Bizim kaldığımız otel Ban Thai Guest House yeni şehirde. Yeni şehir ile eski şehir arası yaklaşık 13 km ve yürümek imkansız.  Otobüs hattı var ve 30 Baht’a yeni şehir ile eski şehir arasında sefer yapıyor. Joradvithi Thong üzerinde Chopper Bar ve 7-Eleven’i geçtikten sonra otobüs durağı var. Tuktukların biraz büyüğü gibi düşünülebilir yanlar açık havadar:)

20181120_104828

Tarihi parkın girişinde indikten sonra ilk durağımız The Ramkhamhaeng National Museum oluyor. Giriş ücreti kişi başı 150 Baht. Kral Ramkhamhaeng’den başlayalım. Sukhothai Krallığının 3. Kralı ve muhteşem (Great) unvanıyla anılıyor. Bunun iki temel sebebi var bir tanesi Tai alfabesinin yaratıcısı olması, diğeri ise şehrin muazzam kanal sistemini oluşturması.

Tai alfabesi 1283 yılında Kral Ramkhamhaeng tarafından oluşturulmuş. Hint alfabesi temelli, Kimer ve Mon (o zamanlar Myanmar bölgesinde yaşayan Burmalıların konuştuğu dil) alfabelerinden de esinlenmiş ve zaman içinde şimdiki halini almış. “The King Ram Khamhaeng Inscription” (Kral Ram Khamhaeng yazıtı) 2003 yılında UNESCO dünya tarihi mirasına girmiş. Bu müzede bu yazıtın İngilizce çevirisi ve replikası var, orjinali Bangkok Ulusal Müzedeymiş.  Bir diğer önemli eseri de kurduğu su sistemi. Kanallar, kademeli su birikintileri, havuzları sayesinde sel baskınlarını kontrol edip, tarlaların sulanabileceği, insanların günlük hayatlarında kullanabileceği bir şehir inşa etmiş.

Müzenin içerisindeki bir aydınlanma daha yaşadık.
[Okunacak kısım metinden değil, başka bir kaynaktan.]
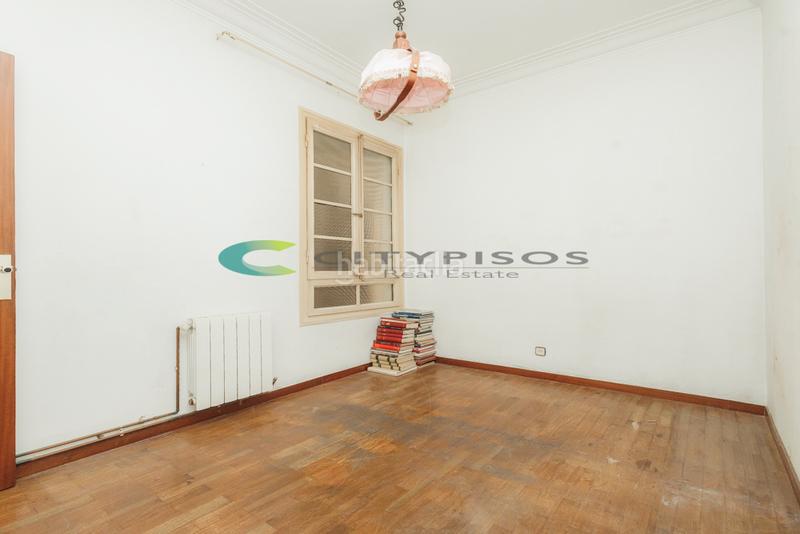 Foto f8bca0de-0394-4671-ba16-9697b96e2fc7. Piso en La Nova Esquerra de l´Eixample Barcelona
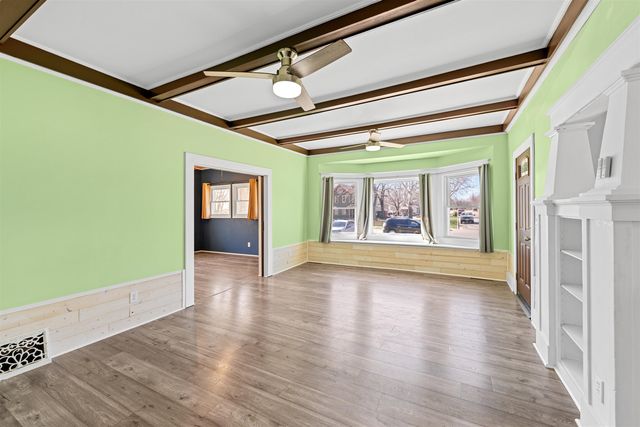 833 S 9th, Salina, KS 67401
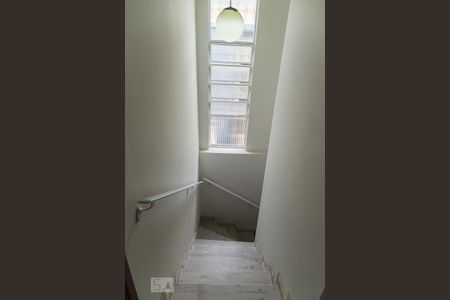 Casa para alugar com 200m², 4 quartos e 2 vagas Casa para alugar com 200m², 4 quartos e 2 vagasCorredor - Escada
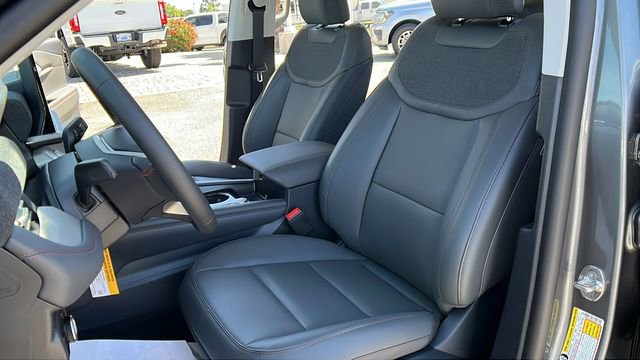New 2026 Ford Explorer Active RWD image 17
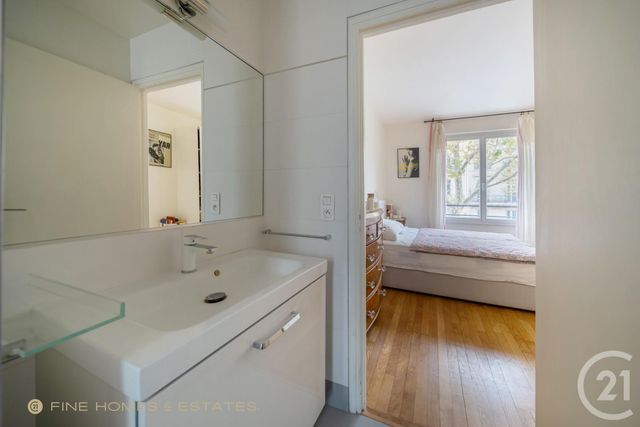 Appartement T2 à vendre - 2 pièces - 56 m2 - Paris - 75007 - ILE-DE-FRANCE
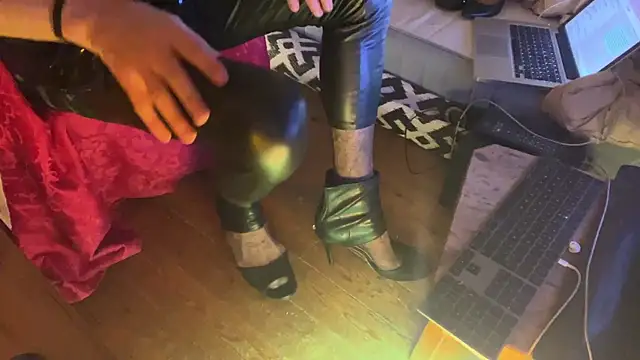 alexheels boots online show from 26, 10, 2025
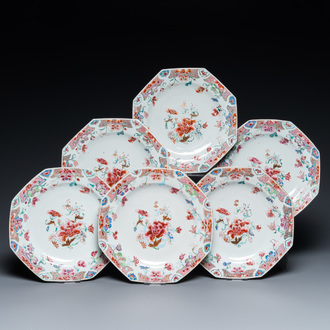 Six assiettes de forme octagonale en porcelaine de Chine famille rose, Qianlong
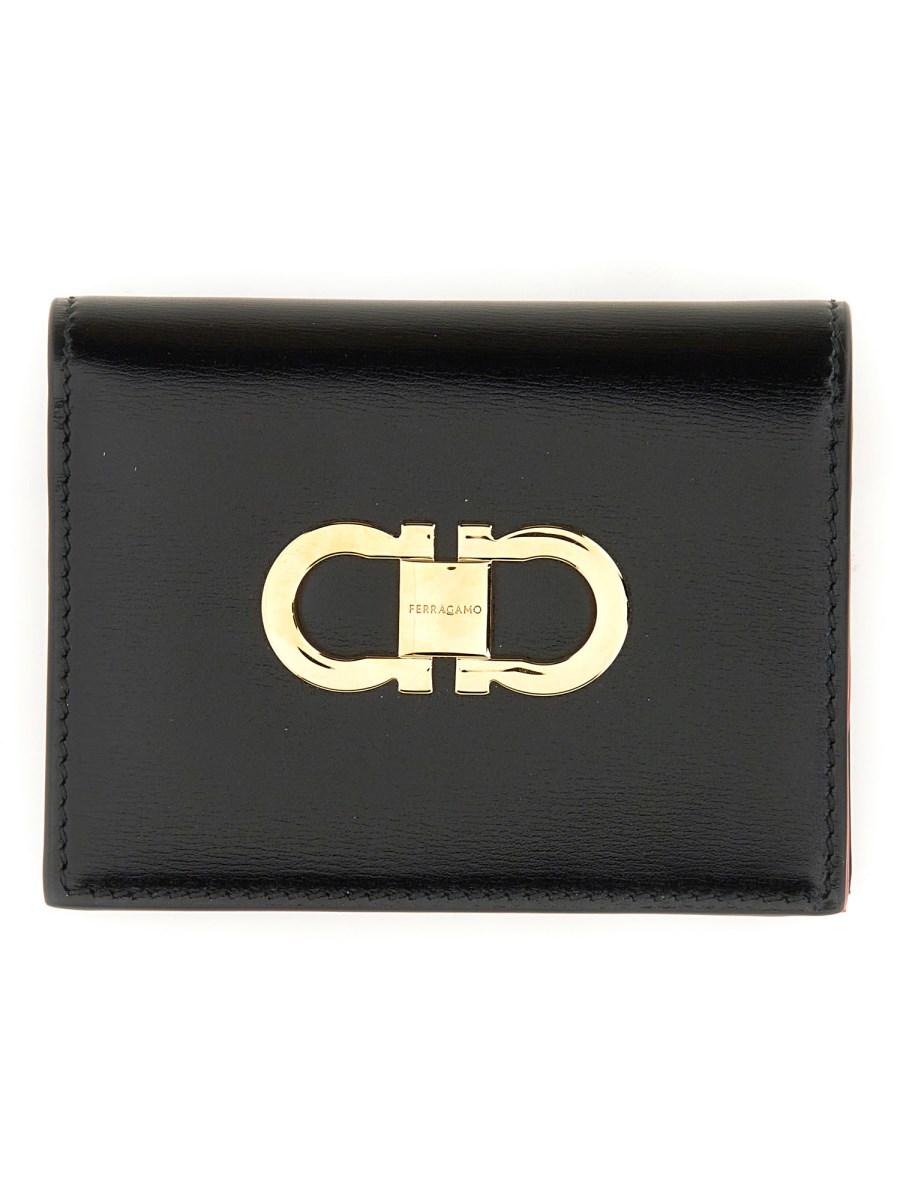 FERRAGAMO    LEATHER GANCINI WALLET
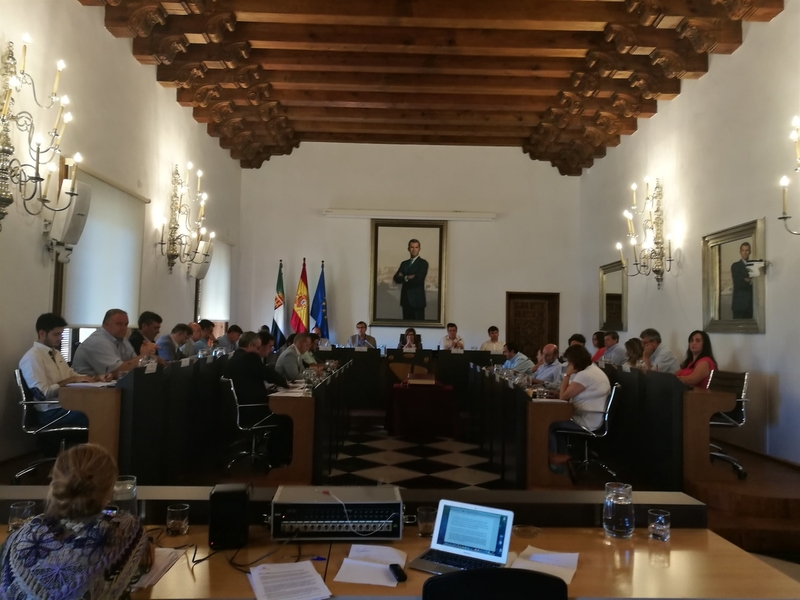 La Diputación de Cáceres aprueba más de 1,3 millones de euros para obras en los municipios de la provincia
Wat Si Chum (Konuşan Buda Tapınağı) içinde gizli geçitler, bu geçitte Buda’nın ayak izi, tavanda çiçek açan bir nilüfer çiçeği ve Wat Si Chum yazıtı bulunuyormuş. Ayrıca geçitin duvarlarında da Sukhothai tarihinin ve Buda’nın insan ve havyan olarak önceki doğumlarının resmedildiği (Jataka masallerı, Jataka Tales) işlemeler bulunuyor.

IMG_20181120_151115

Günün en önemli anını bu müzenin tam karşısındaki Ta Pee restoranda geçirdik. İki kişi olduğumuza en çok sevindiğim anlar yemek seçimleri oluyor, bir ondan bir bundan aldığımız için hep iki lezzeti tatmış oluyorum:) Bugün menümüzde geyik eti, Sukhothai çorbası ve papaya salatası var.

IMG_20181118_145255

Sukhothai Historic Parka giriş için 100 Baht ödedik ve tapınakların kalıntıları arasında dolanmaya başladık. Parkın en görkemli köşesinde Kral Ramkhamhaeng Anıtı (King Ramkhamhaeng the Great Monument) bulunuyor. Loy Krathong festivali bu parkta kutlandığı için her yer rengarenk.

Buradan Wat Mahathat’a geçiyoruz, artık ezberlediğimiz üzere üçüncü Tayland şehrimizde de gördüğümüz; 13. Yüzyılda yapılmış bu yapı parkın en önemli tapınağı. Phra Attharot olarak adlandırılan ayakta Buda heykeli de burada bulunuyor. Etraftaki irili ufaklı chedilerde kral ve kraliyet ailesindeki diğer insanlar küllerinin olduğu söyleniyor.  Royal Palace eski şehrin ortasında 160.000 metekarelik alan, Wat Mahathat’ın yanındaki Kral Ramkhamhaeng yazıtının bulunduğu Noen Prasat’ın sarayın bir kalıntısı olduğu düşünülüyor.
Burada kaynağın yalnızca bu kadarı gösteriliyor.